Either way, it worked, and his body stilled—but he didn’t wake up.

“Onto you.” I tried to touch an injured lurvine, but it backed away and snarled. “Come on… We need to get to the river. It can save Aiden… and you and everyone. We’ve been running…” I looked around and saw landmarks I was accustomed to. That made it worse. “We’re so close…”

They didn’t budge, thrusting their nose to the side to get me to back away. Kline stepped in, but they barked at him, resentment welling in their eyes.

It was over.

Suddenly, Sina walked past me and looked at them. She turned to me and pawed my elixir, then turned her body to show them her closed wounds. She then looked at me and sneered but looked back with an intense gaze.

Keal took his eyes from Aiden and looked at Sina. He then studied me with an intensity that made me feel like he was looking through my soul.

Sina backed up so Kael could look at the rest of his pack.

A tense minute passed, but there was a breakthrough. One of the injured walked up. My heart fluttered and quaked, and tears filled my eyes. I looked at Aiden. He wasn’t waking. His wounds closed, but that was it. His brain could collapse at any moment.

I walked up to the beast, unscrewed the jar with my teeth, and poured it into its mouth like Sina. The lurvine gagged, and the rest of the pack snarled and snapped and prepared to attack. But the beast gave a half-hearted growl, and dirt and grime poured from its wounds.

I purified the blood from its wounds and stitched them shut, petting the fur. My left arm was feeling better now, artificial like a cyborg but functional and I sighed a breath of relief.

I turned to the maimed lurvine with a wince. Its eye was gone and it was missing part of its shoulder.

“I can’t help you completely,” I said as it limped forward. I turned to Sina, hoping she could translate. Sina seemed to shrug and nudged her nose at the beast.

I gave it a healthy dosage of the health elixir to build up its proteins, then gave it ample Diktyo River water. To my surprise, it rebuilt most of its shoulder, but its eye didn’t grow back. It was too damaged.
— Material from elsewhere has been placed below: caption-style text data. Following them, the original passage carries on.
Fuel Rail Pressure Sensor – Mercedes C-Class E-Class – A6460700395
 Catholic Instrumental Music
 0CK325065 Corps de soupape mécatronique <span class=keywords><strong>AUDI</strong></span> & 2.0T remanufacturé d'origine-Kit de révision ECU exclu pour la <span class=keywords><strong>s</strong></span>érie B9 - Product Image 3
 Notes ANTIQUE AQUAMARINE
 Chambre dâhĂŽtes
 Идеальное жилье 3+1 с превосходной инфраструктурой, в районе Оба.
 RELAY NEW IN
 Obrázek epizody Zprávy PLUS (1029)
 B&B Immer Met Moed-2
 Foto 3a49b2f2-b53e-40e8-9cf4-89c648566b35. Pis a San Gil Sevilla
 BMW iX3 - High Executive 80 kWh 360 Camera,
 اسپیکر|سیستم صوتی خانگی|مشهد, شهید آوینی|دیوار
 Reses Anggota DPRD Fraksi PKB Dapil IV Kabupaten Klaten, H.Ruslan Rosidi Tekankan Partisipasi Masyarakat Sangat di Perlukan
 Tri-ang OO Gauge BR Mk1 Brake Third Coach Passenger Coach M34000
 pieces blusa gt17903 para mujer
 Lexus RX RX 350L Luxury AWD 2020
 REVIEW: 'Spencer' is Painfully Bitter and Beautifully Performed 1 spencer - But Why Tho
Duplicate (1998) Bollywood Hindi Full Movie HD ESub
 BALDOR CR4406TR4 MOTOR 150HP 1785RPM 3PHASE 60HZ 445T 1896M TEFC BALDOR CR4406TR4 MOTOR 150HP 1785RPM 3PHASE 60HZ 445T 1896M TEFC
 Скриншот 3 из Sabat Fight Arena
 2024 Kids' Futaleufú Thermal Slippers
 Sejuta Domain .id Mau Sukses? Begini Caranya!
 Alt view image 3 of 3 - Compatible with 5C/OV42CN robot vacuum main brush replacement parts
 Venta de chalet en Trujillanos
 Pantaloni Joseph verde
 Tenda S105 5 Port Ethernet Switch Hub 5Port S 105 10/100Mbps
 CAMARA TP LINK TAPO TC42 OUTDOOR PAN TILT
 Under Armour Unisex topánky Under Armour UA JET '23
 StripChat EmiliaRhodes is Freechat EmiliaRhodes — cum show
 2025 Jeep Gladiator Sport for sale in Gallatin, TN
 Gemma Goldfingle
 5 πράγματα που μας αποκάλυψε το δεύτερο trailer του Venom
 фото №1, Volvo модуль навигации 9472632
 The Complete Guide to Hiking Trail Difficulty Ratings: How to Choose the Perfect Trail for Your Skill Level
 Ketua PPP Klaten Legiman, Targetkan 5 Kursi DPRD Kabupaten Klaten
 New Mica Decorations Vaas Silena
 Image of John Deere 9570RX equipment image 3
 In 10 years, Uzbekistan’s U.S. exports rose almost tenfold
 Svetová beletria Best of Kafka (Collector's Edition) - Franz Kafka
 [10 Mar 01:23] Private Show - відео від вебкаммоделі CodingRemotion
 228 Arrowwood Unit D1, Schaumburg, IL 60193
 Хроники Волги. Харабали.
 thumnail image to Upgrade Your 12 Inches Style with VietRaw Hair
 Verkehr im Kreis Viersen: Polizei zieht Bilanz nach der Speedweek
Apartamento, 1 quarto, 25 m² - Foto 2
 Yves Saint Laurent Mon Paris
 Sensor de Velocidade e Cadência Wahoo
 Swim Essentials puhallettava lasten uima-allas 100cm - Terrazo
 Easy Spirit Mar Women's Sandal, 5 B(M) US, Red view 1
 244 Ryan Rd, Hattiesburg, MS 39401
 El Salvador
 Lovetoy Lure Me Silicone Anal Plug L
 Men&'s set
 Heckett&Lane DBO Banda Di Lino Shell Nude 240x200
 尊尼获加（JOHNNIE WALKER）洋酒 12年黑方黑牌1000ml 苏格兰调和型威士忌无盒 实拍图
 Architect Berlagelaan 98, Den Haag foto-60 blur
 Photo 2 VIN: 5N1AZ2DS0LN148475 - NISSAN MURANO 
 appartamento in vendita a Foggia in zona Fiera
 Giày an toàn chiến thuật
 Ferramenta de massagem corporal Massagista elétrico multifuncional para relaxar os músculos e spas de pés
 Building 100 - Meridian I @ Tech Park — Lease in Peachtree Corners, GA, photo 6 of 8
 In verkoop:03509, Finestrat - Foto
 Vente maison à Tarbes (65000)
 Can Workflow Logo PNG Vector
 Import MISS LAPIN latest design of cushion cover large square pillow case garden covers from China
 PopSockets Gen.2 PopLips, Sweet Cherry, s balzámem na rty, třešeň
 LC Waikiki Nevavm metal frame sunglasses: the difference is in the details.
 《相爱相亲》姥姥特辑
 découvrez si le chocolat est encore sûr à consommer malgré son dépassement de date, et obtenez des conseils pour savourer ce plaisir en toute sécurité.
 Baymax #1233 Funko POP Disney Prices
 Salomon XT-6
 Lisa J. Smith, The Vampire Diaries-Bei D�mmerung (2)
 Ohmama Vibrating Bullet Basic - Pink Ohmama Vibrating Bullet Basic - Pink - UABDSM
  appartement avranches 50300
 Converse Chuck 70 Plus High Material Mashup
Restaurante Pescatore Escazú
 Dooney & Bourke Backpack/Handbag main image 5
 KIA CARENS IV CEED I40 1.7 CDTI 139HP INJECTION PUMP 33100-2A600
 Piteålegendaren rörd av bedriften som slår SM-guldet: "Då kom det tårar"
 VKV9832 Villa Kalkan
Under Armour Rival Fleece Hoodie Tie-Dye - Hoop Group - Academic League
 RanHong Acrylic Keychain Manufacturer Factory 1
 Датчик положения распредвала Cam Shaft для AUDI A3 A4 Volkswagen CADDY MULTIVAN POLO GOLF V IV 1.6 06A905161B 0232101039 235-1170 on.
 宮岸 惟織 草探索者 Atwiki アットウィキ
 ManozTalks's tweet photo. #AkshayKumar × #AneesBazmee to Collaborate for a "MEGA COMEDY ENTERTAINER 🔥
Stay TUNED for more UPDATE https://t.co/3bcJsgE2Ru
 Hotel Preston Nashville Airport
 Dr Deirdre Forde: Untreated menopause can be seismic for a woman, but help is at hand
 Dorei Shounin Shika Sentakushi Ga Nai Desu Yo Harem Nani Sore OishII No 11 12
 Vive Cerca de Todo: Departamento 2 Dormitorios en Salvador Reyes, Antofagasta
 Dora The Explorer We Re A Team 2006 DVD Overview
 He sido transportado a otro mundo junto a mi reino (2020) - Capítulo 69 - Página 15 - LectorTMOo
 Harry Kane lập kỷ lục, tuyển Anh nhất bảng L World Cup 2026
Once I finished, I said, “Sorry. I wish that I could do more for you.” But it just nudged me with its nose, backed up ten feet, and bowed its snout. I bowed my head back, and it walked away.

Kline pawed at my leg.

“What is it?”

He looked down and saw a rope in his mouth. I followed his eyes and landed on Aiden, who was now on Keal’s back like a loose sleeping bag draped over a donkey.

“Got it.”

I tied Aiden onto Keal the best I could without knot knowledge. Then I got onto Keal’s back to hold Aiden in place like a seatbelt.

We rode on.

The rest of the trip was solemn but uneventful—but it quickly picked up when I heard Thorvel and a pack of wyverns roar from the Bramble just like the first time. The minute I did, I realized that Aiden could be the least of our worries.

I gripped Keal’s fur and screamed, “To the river—run!”